ASSIGNED TASK: Nothing but the lines below between the line holding "Takmålning i Stockholm: Fördelar" and the line holding "Nissan SERENA 2010-08 8666877-5", inclusive, should appear in the answer, each set down exactly.

SUPPLIED MATERIAL:
________________________

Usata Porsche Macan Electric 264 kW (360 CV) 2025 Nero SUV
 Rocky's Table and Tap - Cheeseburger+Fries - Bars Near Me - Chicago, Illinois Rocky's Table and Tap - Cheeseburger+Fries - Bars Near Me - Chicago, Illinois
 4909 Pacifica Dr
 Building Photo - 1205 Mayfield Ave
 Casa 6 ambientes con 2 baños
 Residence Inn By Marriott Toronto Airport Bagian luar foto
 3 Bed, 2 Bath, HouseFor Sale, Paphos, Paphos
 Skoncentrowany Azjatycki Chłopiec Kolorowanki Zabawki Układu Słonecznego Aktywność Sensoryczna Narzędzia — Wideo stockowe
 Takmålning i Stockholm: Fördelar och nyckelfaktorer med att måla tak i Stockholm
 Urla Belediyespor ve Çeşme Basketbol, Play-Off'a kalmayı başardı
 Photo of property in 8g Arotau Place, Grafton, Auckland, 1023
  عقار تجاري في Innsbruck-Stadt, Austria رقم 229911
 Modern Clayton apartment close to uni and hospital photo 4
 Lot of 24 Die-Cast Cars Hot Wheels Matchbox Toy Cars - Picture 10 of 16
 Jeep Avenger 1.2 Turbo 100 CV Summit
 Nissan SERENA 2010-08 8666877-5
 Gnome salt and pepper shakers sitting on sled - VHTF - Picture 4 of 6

________________________

EXERCISE OUTPUT:
 Takmålning i Stockholm: Fördelar och nyckelfaktorer med att måla tak i Stockholm
 Urla Belediyespor ve Çeşme Basketbol, Play-Off'a kalmayı başardı
 Photo of property in 8g Arotau Place, Grafton, Auckland, 1023
  عقار تجاري في Innsbruck-Stadt, Austria رقم 229911
 Modern Clayton apartment close to uni and hospital photo 4
 Lot of 24 Die-Cast Cars Hot Wheels Matchbox Toy Cars - Picture 10 of 16
 Jeep Avenger 1.2 Turbo 100 CV Summit
 Nissan SERENA 2010-08 8666877-5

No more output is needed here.